:: Work required ::
Beneath this instruction is a listing. Transcribe from it only the stretch from the line with "Palestinos conmemoran 14.º" through the line with "14家企业！3000多件精品", both end lines included, exactly as written.

:: Listed entries ::
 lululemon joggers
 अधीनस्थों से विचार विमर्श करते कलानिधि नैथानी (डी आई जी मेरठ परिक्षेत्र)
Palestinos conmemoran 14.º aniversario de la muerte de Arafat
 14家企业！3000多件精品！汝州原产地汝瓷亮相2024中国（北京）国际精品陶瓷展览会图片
...
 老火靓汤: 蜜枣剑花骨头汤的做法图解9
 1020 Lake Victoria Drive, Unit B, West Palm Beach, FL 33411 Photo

:: Task result ::
Palestinos conmemoran 14.º aniversario de la muerte de Arafat
 14家企业！3000多件精品！汝州原产地汝瓷亮相2024中国（北京）国际精品陶瓷展览会图片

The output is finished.